Questions will be asked about where the system models were taken from, how they moved from place to place and how they were modified, to what extent they were native, and to what extent they were the adaptation of foreign solutions. The internal complexity of the Jewish self-government will be examined (commune authorities, rabbinate, brotherhoods and associations, collegial bodies), how its individual elements interacted and how durable they were. We will also be interested in the methods of exercising power: the main lines of legislation, mechanisms protecting against abuses, the control system, applied penalties, as well as the extent to which the system was democratic and oligarchic. We will also consider how the Jewish self-government changed in the period when a large part of its competences were taken over by municipal and state authorities, as well as in the face of various social phenomena (secularization, division into various religious trends, assimilation, anti-Semitism) and economic (urbanization, industrialization) .
The proposed approach is innovative, mainly due to its geographical and chronological scope. The project assumes – which is also a new approach – to place research on Jewish self-government in the broader context of political and social changes in Europe and internal changes of the Jewish community. In this context, the study of Jewish self-government touches upon a much broader problem of the autonomy of minority groups in a modern state and society.
The topic itself has never been studied to the extent that was proposed. Although the issues related to the functioning of the Jewish self-government are of key importance to the history of Jews, including Polish Jews, there are no chronological analyzes, presenting the dynamics and directions of changes, and the relationship between Jewish and non-Jewish self-government.
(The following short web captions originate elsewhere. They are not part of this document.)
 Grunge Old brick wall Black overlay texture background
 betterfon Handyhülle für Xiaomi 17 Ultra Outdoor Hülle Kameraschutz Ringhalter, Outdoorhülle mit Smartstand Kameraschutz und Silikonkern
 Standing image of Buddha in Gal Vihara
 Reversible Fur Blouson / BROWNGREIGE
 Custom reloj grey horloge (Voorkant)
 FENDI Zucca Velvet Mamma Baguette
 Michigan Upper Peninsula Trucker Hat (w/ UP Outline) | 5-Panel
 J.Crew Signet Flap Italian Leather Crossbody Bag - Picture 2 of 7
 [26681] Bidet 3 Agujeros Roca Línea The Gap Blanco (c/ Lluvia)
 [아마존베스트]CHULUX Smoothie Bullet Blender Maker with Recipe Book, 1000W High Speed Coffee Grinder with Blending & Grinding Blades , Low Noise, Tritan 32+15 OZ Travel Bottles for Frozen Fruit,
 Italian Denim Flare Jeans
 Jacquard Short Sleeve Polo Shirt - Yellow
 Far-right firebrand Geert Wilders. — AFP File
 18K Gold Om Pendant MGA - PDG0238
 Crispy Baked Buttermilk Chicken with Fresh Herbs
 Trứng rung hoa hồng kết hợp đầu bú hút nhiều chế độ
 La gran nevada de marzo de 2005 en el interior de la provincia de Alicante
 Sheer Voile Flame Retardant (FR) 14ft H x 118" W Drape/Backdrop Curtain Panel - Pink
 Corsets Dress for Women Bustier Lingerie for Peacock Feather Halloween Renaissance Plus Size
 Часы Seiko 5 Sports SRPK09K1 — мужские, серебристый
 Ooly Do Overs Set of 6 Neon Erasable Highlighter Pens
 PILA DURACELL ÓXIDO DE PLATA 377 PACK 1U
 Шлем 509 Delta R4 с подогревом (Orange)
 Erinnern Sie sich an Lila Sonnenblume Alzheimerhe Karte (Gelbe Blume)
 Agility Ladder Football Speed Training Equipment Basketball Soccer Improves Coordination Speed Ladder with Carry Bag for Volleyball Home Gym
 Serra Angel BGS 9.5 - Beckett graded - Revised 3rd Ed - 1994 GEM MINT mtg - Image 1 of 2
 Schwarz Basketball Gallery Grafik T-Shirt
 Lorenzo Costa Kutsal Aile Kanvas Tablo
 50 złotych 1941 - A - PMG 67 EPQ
The research will be in the area of social history, institutional history and political history. The research will be conducted by a team of five specialists in the archives and libraries of Poland, Israel, Russia, Austria, Germany, Lithuania, Ukraine and the United States. Various methods of historical, legal and social analysis will be used, including a comparative method, both vertically (comparing the structures and functioning of Jewish self-government institutions in different epochs) and horizontally (comparing Jewish and non-Jewish structures). The results of the project will significantly contribute to the development of research on the history of Polish Jews, also in the broader context of the European diaspora, as well as research in the area of social history and the history of administrative culture in Central and Eastern Europe from the Middle Ages to the 20th century.